About this exercise
Copy the data exactly from the line that contains "Vetor grátis modelo" through the line that contains "Women's Summer Casual", keeping both end lines and leaving out everything else.

Exercise inputs
Segment Open

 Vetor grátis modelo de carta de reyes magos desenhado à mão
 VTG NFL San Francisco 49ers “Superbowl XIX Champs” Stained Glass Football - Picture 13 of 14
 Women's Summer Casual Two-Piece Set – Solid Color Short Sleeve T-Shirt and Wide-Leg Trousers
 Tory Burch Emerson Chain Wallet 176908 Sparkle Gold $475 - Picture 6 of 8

Segment Closed
Segment Open

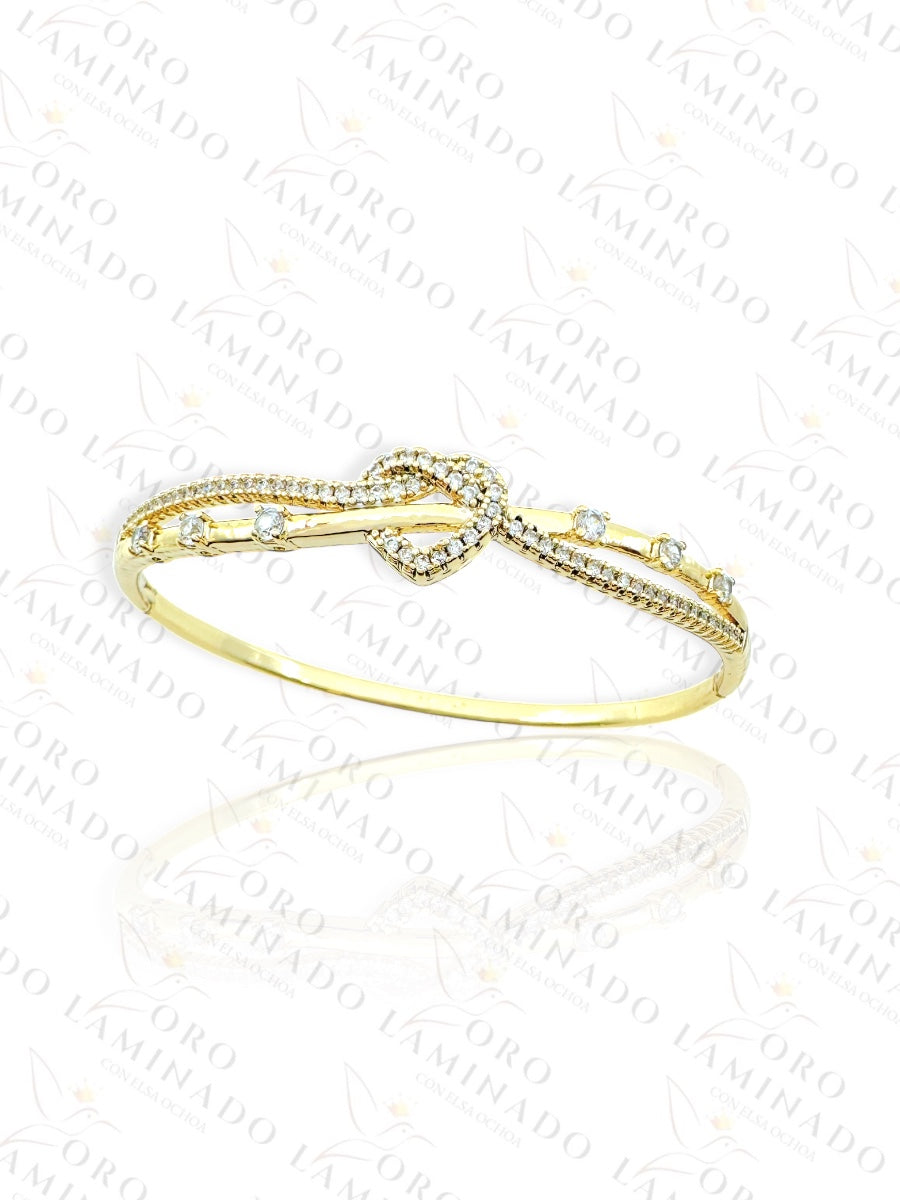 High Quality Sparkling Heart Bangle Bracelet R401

Segment Closed
Segment Open

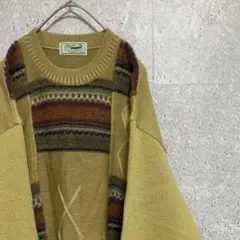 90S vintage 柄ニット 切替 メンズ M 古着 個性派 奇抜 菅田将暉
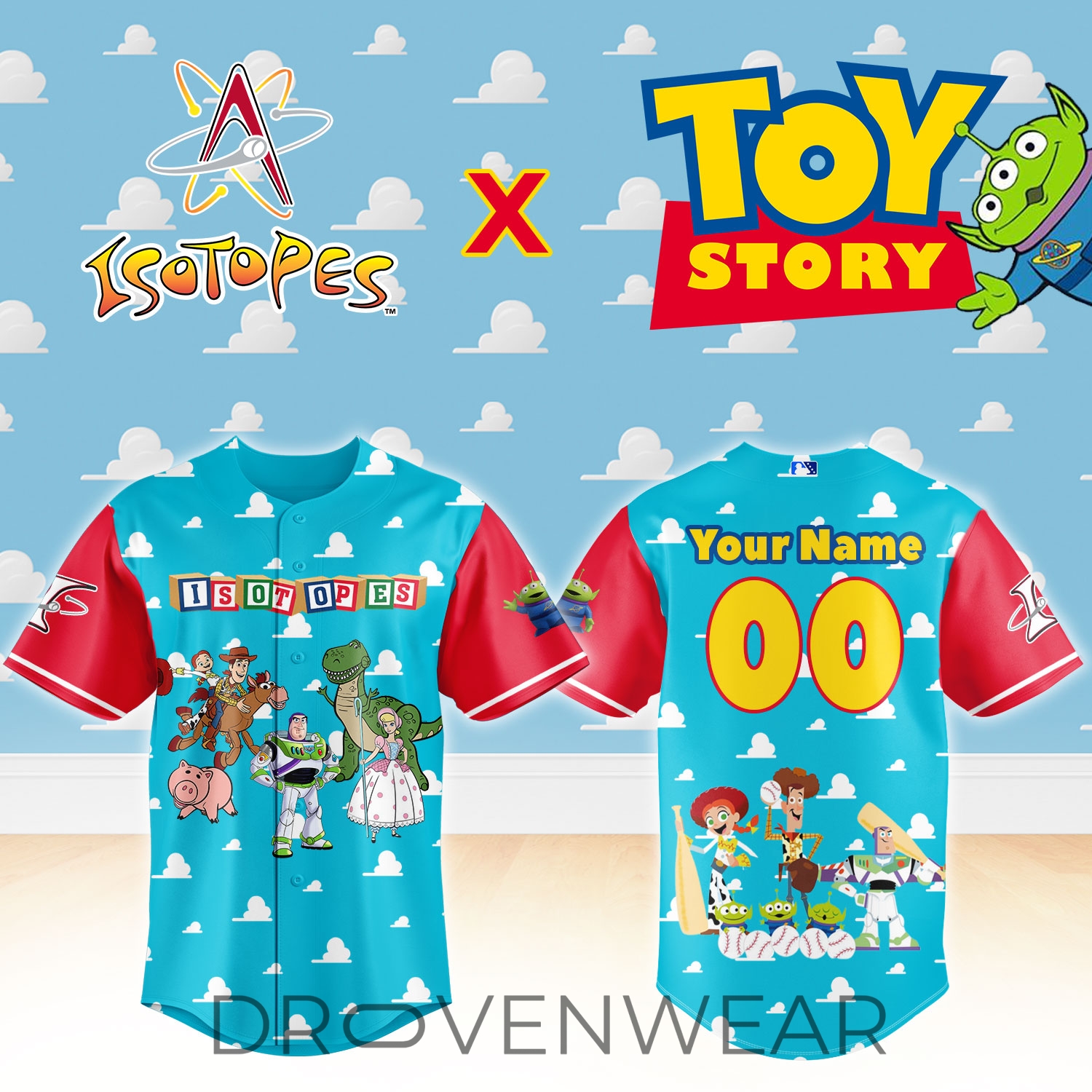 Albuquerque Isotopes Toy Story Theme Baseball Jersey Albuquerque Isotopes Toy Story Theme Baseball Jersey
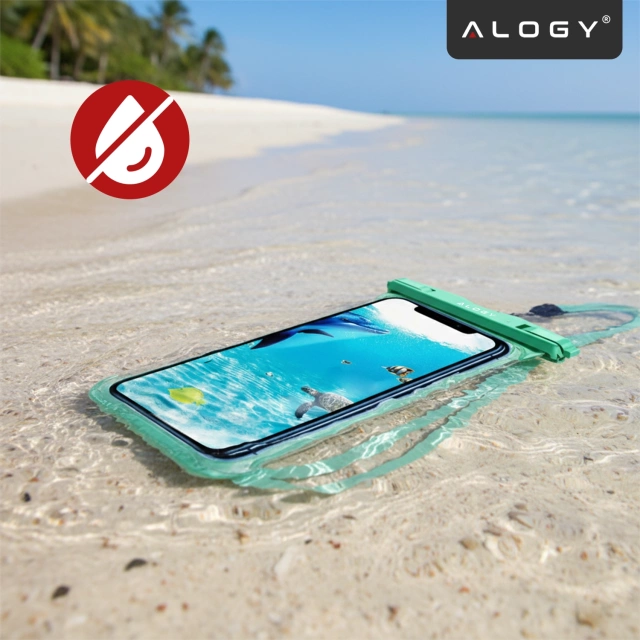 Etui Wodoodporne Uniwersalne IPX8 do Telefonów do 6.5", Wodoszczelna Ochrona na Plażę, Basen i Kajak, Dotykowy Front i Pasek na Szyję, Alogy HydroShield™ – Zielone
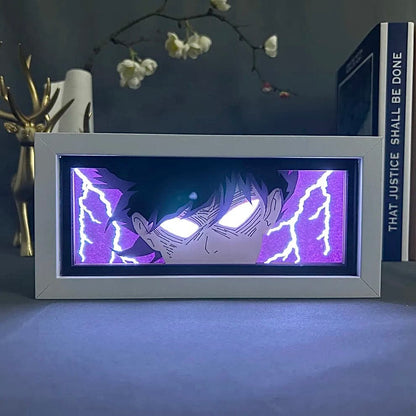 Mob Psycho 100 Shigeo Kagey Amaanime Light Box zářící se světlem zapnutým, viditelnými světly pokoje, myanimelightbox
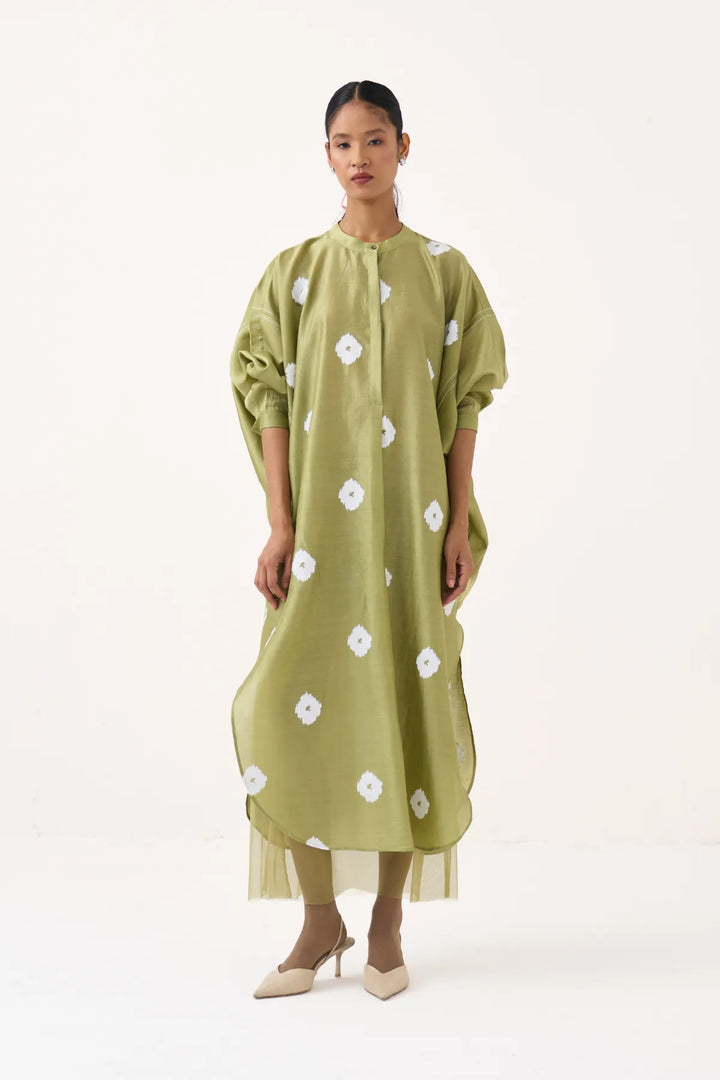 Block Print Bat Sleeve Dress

Segment Closed

Reply to the task
 Vetor grátis modelo de carta de reyes magos desenhado à mão
 VTG NFL San Francisco 49ers “Superbowl XIX Champs” Stained Glass Football - Picture 13 of 14
 Women's Summer Casual Two-Piece Set – Solid Color Short Sleeve T-Shirt and Wide-Leg Trousers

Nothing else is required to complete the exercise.